---------- Forwarded message ---------- From: linaro-kernel-bounces@lists.linaro.org Date: 18 March 2013 22:31 Subject: Auto-discard notification To: linaro-kernel-owner@lists.linaro.org
The attached message has been automatically discarded by lists.linaro.org and hence i am forwarding it again.
-- viresh
---------- Forwarded message ---------- From: Bruce Dawson bruced@valvesoftware.com To: 'Vincent Guittot' vincent.guittot@linaro.org, Viresh Kumar viresh.kumar@linaro.org Cc: Dave Jones davej@redhat.com, "cpufreq@vger.kernel.org" cpufreq@vger.kernel.org, "Rafael J. Wysocki" rjw@sisk.pl, "linaro-kernel@lists.linaro.org" linaro-kernel@lists.linaro.org Date: Mon, 18 Mar 2013 17:01:17 +0000 Subject: RE: CPU power management bug -- CPU bound task fails to raise CPU frequency I guess that makes sense for the scheduler to look for the idlest CPU in the system. That's good to know.
I had guessed that the scheduler would do something like that and that my test would run on two cores. However I find that bash alternates between two cores, which seems odd. Additionally, each invocation of expr starts on one core and moves to another, which seems odd that each invocation lives for a ms or less. The net effect is that six or more different cores get involved.
Anyway, it is a pathological case, so maybe it doesn't matter, but given the popularity of $(command) in shell scripts it may not be completely irrelevant either.
-----Original Message----- From: Vincent Guittot [mailto:vincent.guittot@linaro.org] Sent: Monday, March 18, 2013 4:07 AM To: Viresh Kumar Cc: Bruce Dawson; Dave Jones; cpufreq@vger.kernel.org; Rafael J. Wysocki; linaro-kernel@lists.linaro.org Subject: Re: CPU power management bug -- CPU bound task fails to raise CPU frequency
On 18 March 2013 06:04, Viresh Kumar viresh.kumar@linaro.org wrote:
Let me get in the scheduler expert from Linaro (Vincent Guittot, would be available after few hours)

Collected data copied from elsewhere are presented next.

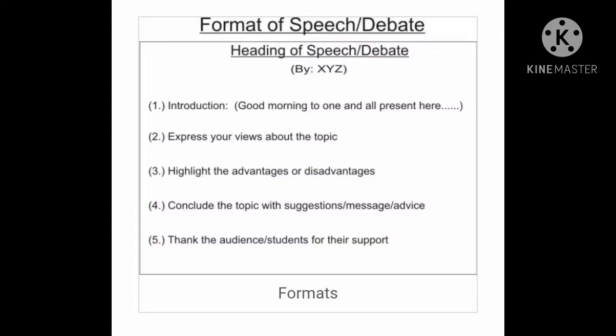So here is the format. First of all, you start off with the heading or the title, which is written in the center of the page, followed by your name and class below that. So the first line is the title of the speech or the debate, and the second line is your name and class. Both will be written in the center of your paper.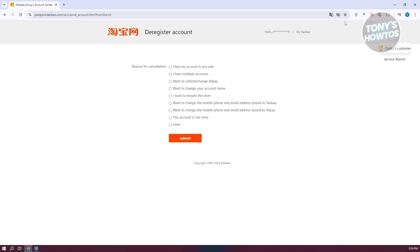But in this case in the account center here or in the passport.taobao.com, we have the option to choose why we want to cancel our account or the deregister their registration account section.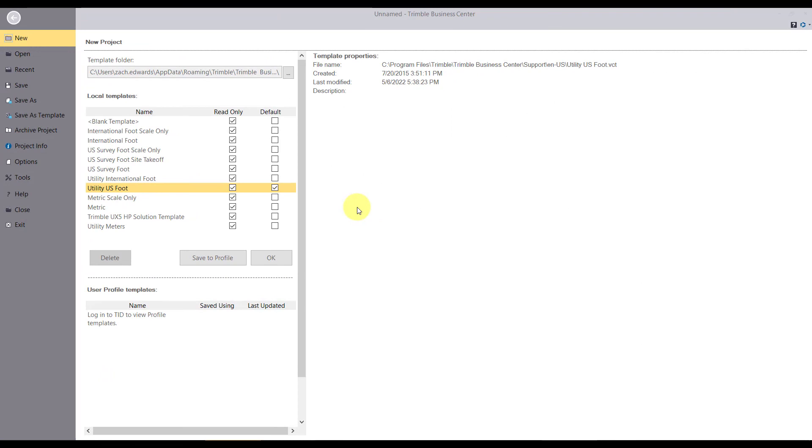Okay, so today we're going to show you how to use Trimble Business Center to process baselines or post-process data from TerraSync collected data. We'll be bringing an SSF file into Trimble Business Center.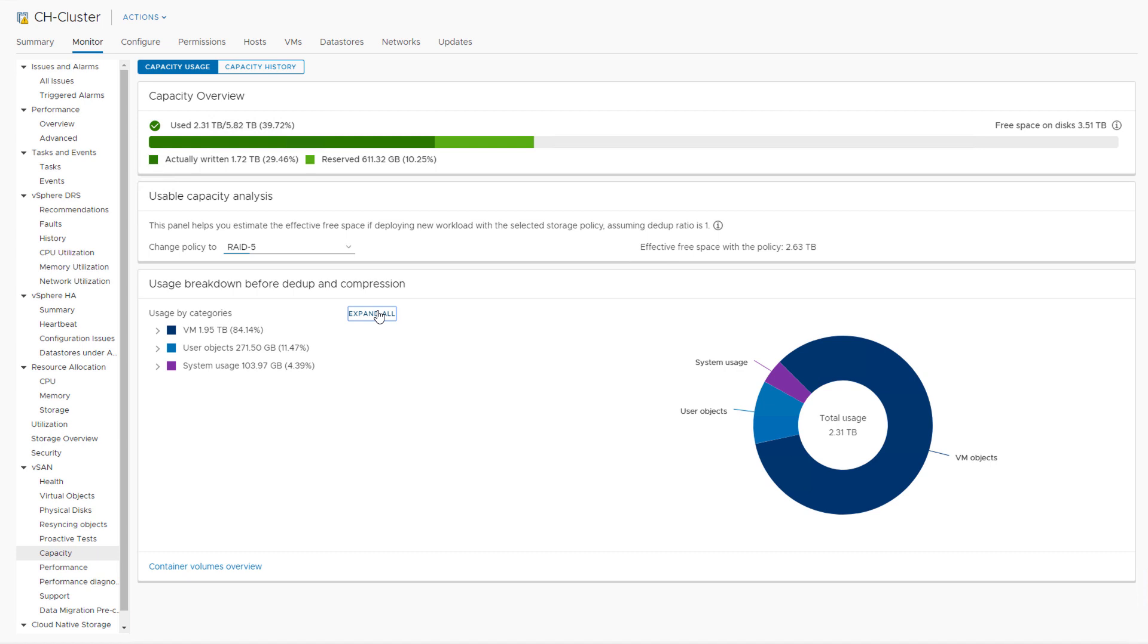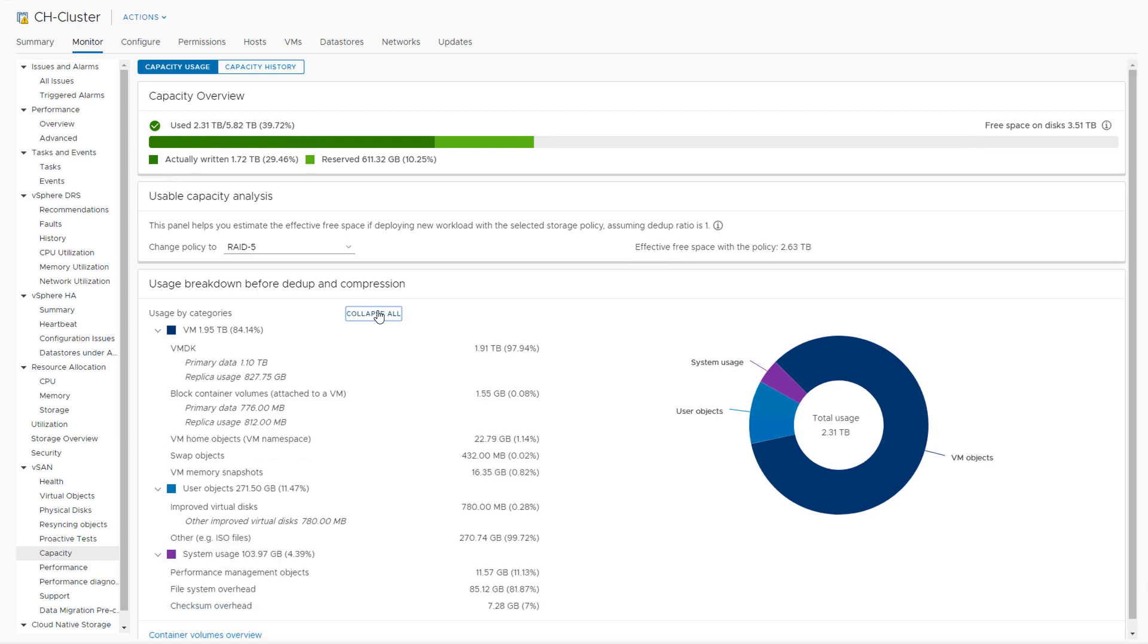Below that we have a quick overview of all the different types of data that you can store on top of a vSAN datastore. You can immediately see how much capacity is being consumed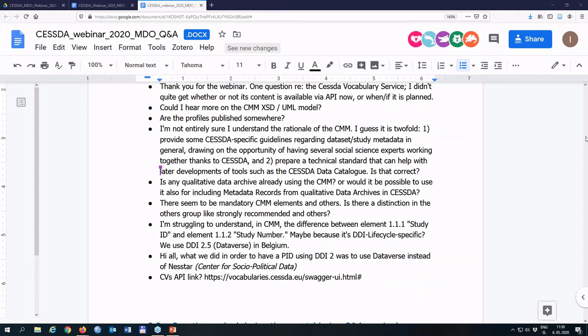From the perspective of the CESDA Data Catalogue user group: any element that is actually within the data catalogue would be considered strongly recommended. Karen agrees with this assessment.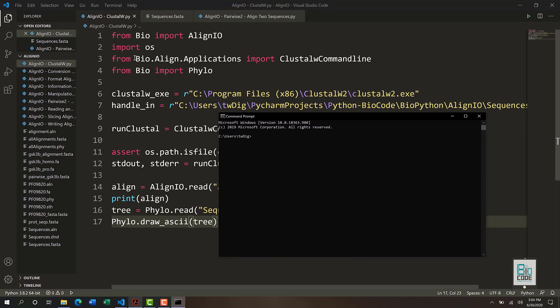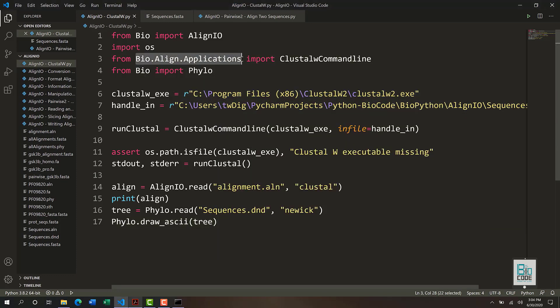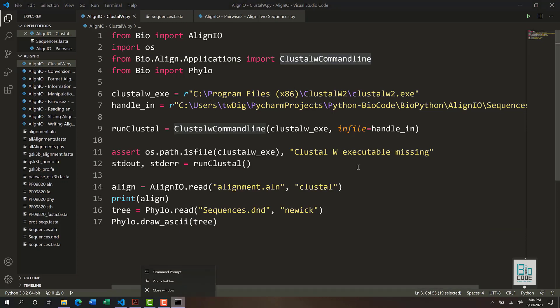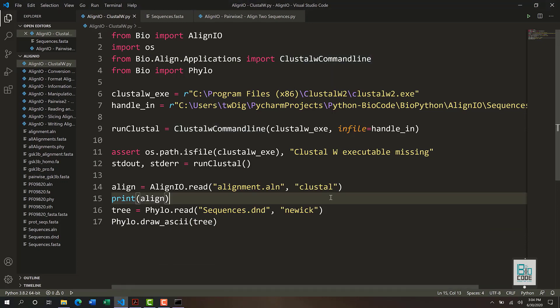Within BioPython there is a package — the Bio.Align.Applications module — which has a ClustalW command line wrapper. This Python wrapper allows us to connect our Python code to the ClustalW command line software, or ClustalOmega software, so that we can use Python to execute the alignment within ClustalW.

Vincent, please start reading from this mail:
http://permalink.gmane.org/gmane.linux.kernel.cpufreq/9675
Now, we want to understand how to make this task perform better as scheduler is using multiple cpus for it and hence all are staying at low freqs, as load isn't enough..
Hi,
Your 1st test creates a task to evaluate each expr, and the fork sequence of the scheduler looks for the idlest CPU in the system. That's explain why your test is evenly spread on all CPUs and the average load of each CPU is below the threshold of cpufreq At the opposite, your 2nd test uses only one task which stays on one CPU and trig the frequency increase.
I would say that the scheduler behavior is almost normal : spread to get best performance (even if in this use case, the threads run sequentially) but you have this side effect on the cpufreq thats sees each core individually as not loaded. This example tends to push in favor of a better cooperation between scheduler and cpufreq for sharing statistics
Vincent
-- viresh
On 18 March 2013 10:28, Bruce Dawson bruced@valvesoftware.com wrote:
This is with the Ondemand governor.
The more I ponder this the more I think that the real issue is not the frequency drivers, but the kernel scheduler. The shell script involves two processes being alive at any given time, and one process running (since bash always waits for expr to finish). Therefore the entire task should run on either one core or on two. Instead I see (from looking at thread scheduling graphed using the Zoom profiler -- http://www.rotateright.com/) that it runs on six different cores. bash alternates between two cores, and each invocation of expr is started on one core and then moves to another. Given that it seems not surprising that the CPU frequency management doesn't trigger.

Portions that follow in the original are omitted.